━━━ The input

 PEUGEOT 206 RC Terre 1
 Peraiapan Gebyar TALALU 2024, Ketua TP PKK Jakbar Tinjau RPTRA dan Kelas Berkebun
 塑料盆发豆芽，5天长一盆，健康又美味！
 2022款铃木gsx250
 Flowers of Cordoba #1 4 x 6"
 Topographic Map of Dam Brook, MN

━━━━━━
━━━ The input

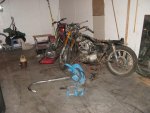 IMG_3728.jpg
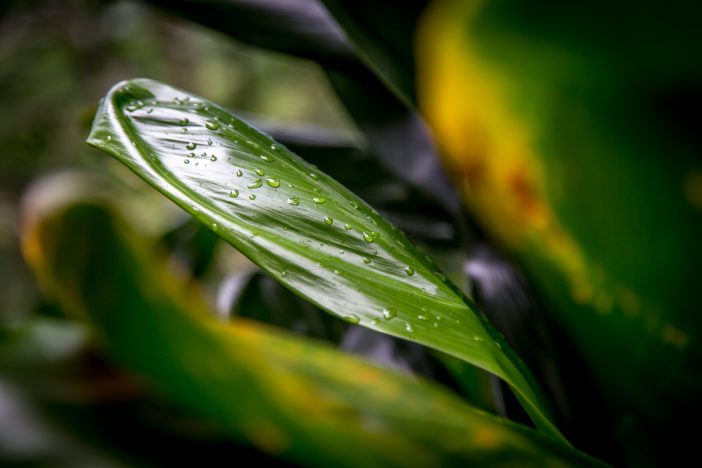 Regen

━━━━━━
━━━ The input

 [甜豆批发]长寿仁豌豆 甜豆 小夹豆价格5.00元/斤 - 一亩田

━━━━━━

Exercise directions: From the material above, set down exactly the lines starting at the one with "PEUGEOT 206 RC Terre 1" and ending at the one with "Topographic Map of Dam Brook, MN", end lines included.

Result for this task:
 PEUGEOT 206 RC Terre 1
 Peraiapan Gebyar TALALU 2024, Ketua TP PKK Jakbar Tinjau RPTRA dan Kelas Berkebun
 塑料盆发豆芽，5天长一盆，健康又美味！
 2022款铃木gsx250
 Flowers of Cordoba #1 4 x 6"
 Topographic Map of Dam Brook, MN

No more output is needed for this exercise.